» LISTED ENTRIES

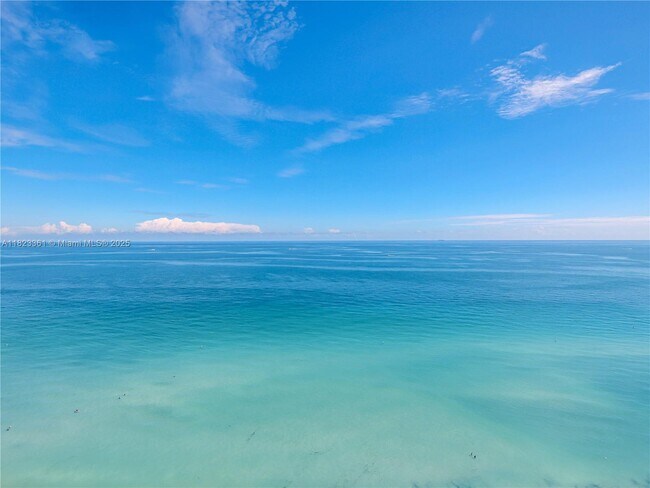 Building Photo - 17001 Collins Ave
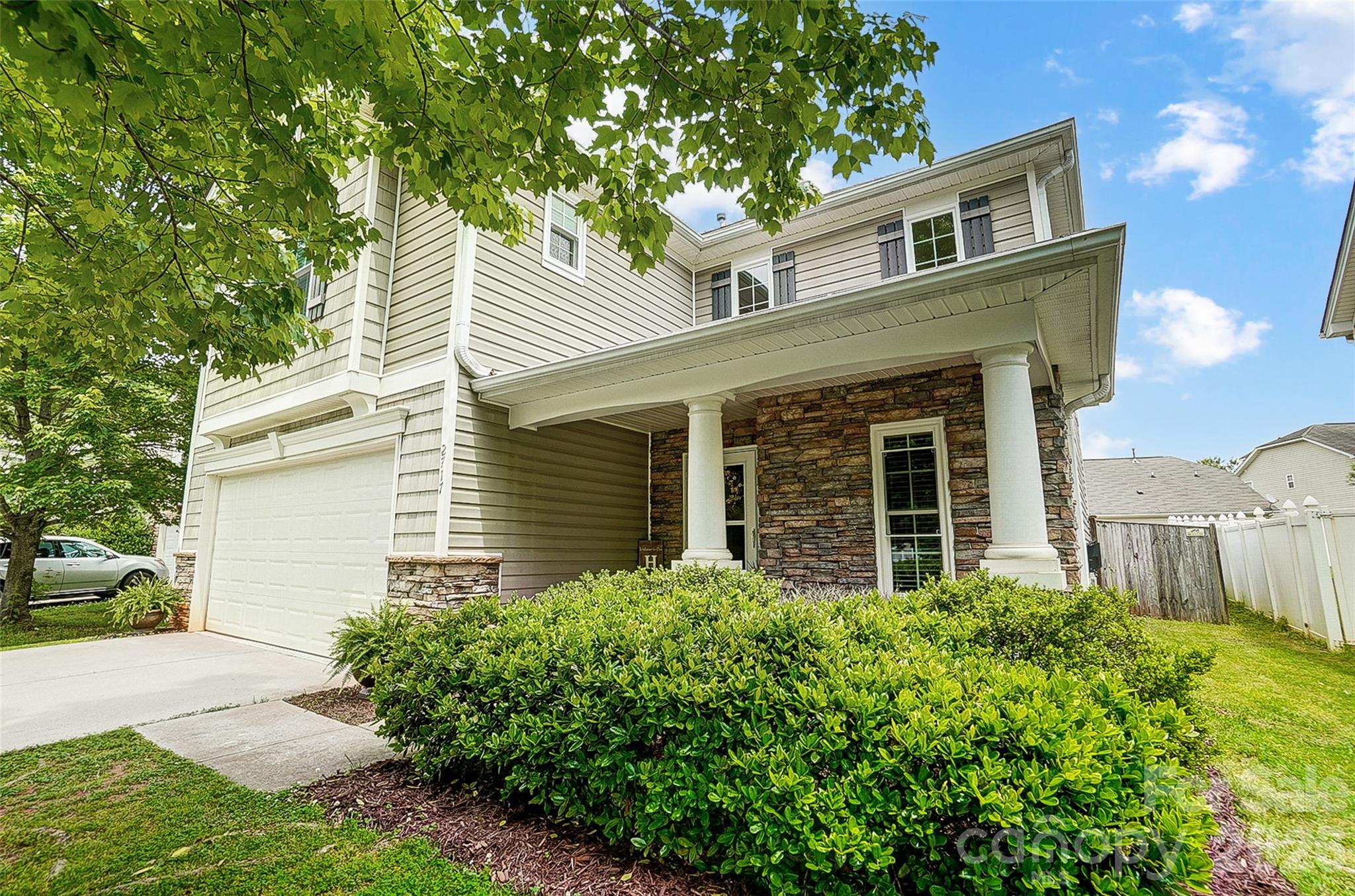 2717 Markham Woods Court — Charlotte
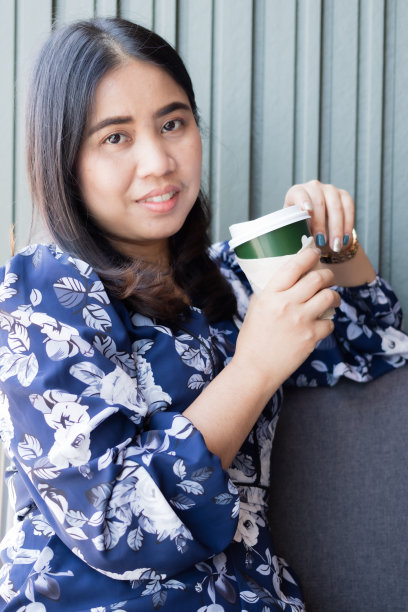 穿着蓝色碎花连衣裙的亚洲女人图片下载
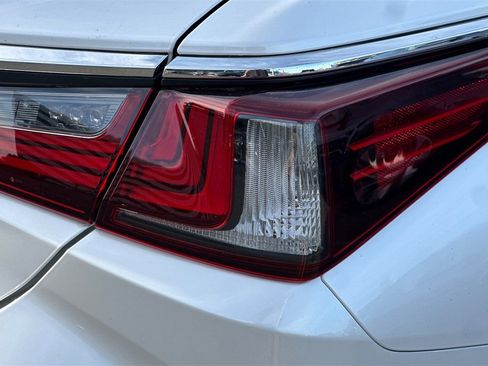 New 2025 Lexus ES 350 image 25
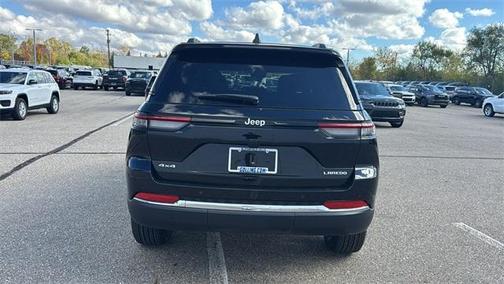 2025 Jeep Grand Cherokee Laredo X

» INSTRUCTIONS TO FOLLOW
The required output is an exact copy of the lines from the one with "New 2025 Lexus ES 350 image 25" through the final line of the data above, with pictures removed.

» SOLUTION TO THIS PROBLEM
 New 2025 Lexus ES 350 image 25
 2025 Jeep Grand Cherokee Laredo X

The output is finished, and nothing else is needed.